Wolle, Wolle, und noch mehr Wolle: Bis zur Decke stapeln sich im Wollstübchen in der Bad Neustädter Innenstadt die Knäuel. Auch bestickte Spruchbänder finden sich dort, Mützen, Handarbeits-Zeitschriften oder gestrickte Kleidungsstücke. Am Verkaufstresen beraten Inhaberin Renate Mack und ihre Schwester Martina Volkmuth eine Stammkundin, wie sie die Ärmel ihres Strickkleides am besten hinbekommt. Die Wolle für ihre Strickprojekte muss sie bald anderswo kaufen. Denn das Geschäft von Renate Mack wird es nicht mehr lange geben.

"Es ist sehr schwer für mich, den Laden zu schließen. Er ist neben der Familie mein Lebensinhalt und ich hätte nicht gedacht, dass mir dieser Schritt so wehtun würde", sagt Mack im Gespräch mit dieser Redaktion. Auch ihre Schwester, die sie fast von Anfang an im Geschäft unterstützt, bedauert die Schließung. "Der Laden ist mein Leben. Aber ich verstehe die Entscheidung", sagt sie.
Renate Mack aus Mellrichstadt ist gelernte Industriekauffrau
Der Plan, das Geschäft zu schließen, sei schon die letzten zwei Jahre über in ihrem Kopf gewesen, aber sie habe ihn immer wieder hinausgeschoben, so Mack. "Jetzt bin ich 75 Jahre alt und es ist wirklich Zeit, aufzuhören und das Haus zu verkaufen. Ich will nicht in meinem Laden tot umfallen". Ein genauer Termin für die Schließung steht noch nicht fest, sie werde aber zeitnah erfolgen.

Das Handarbeiten wurde Renate Mack in die Wiege gelegt: "Meine Uroma war die erste Handarbeitslehrerin in Sondheim/Grabfeld.

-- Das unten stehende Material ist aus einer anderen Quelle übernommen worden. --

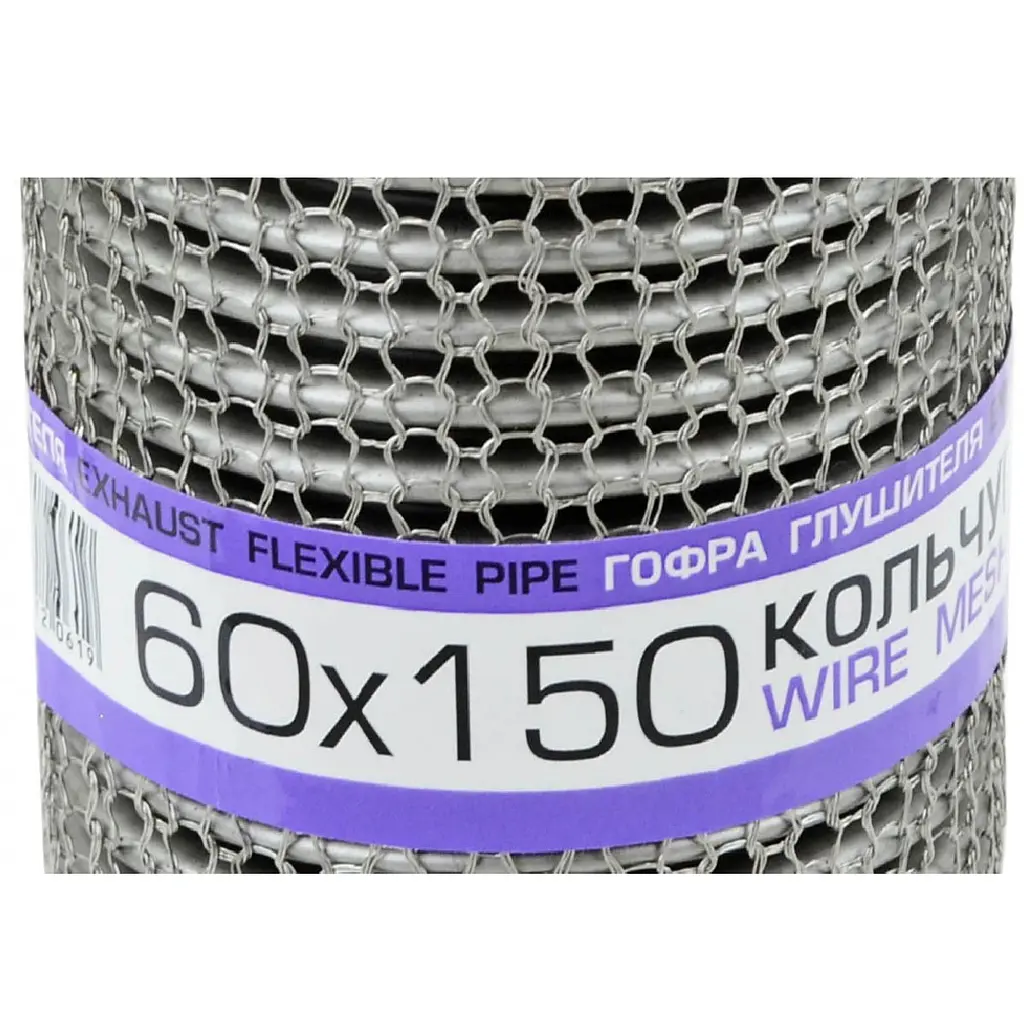 Гофра глушника 60 х 150 мм Тришарова Кольчуга (EuroEx) - фото 2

Sie ist mit ihrem Körble mit Strickzeug losgezogen und hat Handarbeitsstunden gehalten". In Macks Familie würden fast alle handarbeiten. "Auch mir hat Stricken, Sticken und Nähen immer Spaß gemacht", so Mack.

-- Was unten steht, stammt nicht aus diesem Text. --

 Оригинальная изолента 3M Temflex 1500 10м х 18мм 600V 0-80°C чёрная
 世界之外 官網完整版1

Dennoch lässt sie sich zunächst zur Industriekauffrau ausbilden und arbeitet in einem Steuerbüro, wo sie auch Wollgeschäfte betreut. Ein solcher Laden in Ostheim gefällt ihr besonders. "Plötzlich hatte ich Lust, auch so etwas zu machen. So eröffnete ich 1982 in Mellrichstadt und später in Ostheim einen Wollladen", erinnert sich Renate Mack.
Renate Mack aus Mellrichstadt denkt gern an die Stricktage im Wollstübchen zurück
Weil viele ihre Kunden aus Bad Neustadt kommen, macht sie auch dort ein Geschäft auf – in dem Gebäude, in dem sich heute der Drogeriemarkt Müller befindet. Es folgt ein Umzug in ein anderes Haus um die Ecke. Kurz nach der Grenzöffnung kaufen Renate Mack und ihr Mann ein Gebäude in der Hohnstraße und bauen es um. Dort hat das Wollstübchen bis heute sein Domizil, die Geschäfte in Ostheim und Mellrichstadt sind seit einiger Zeit geschlossen.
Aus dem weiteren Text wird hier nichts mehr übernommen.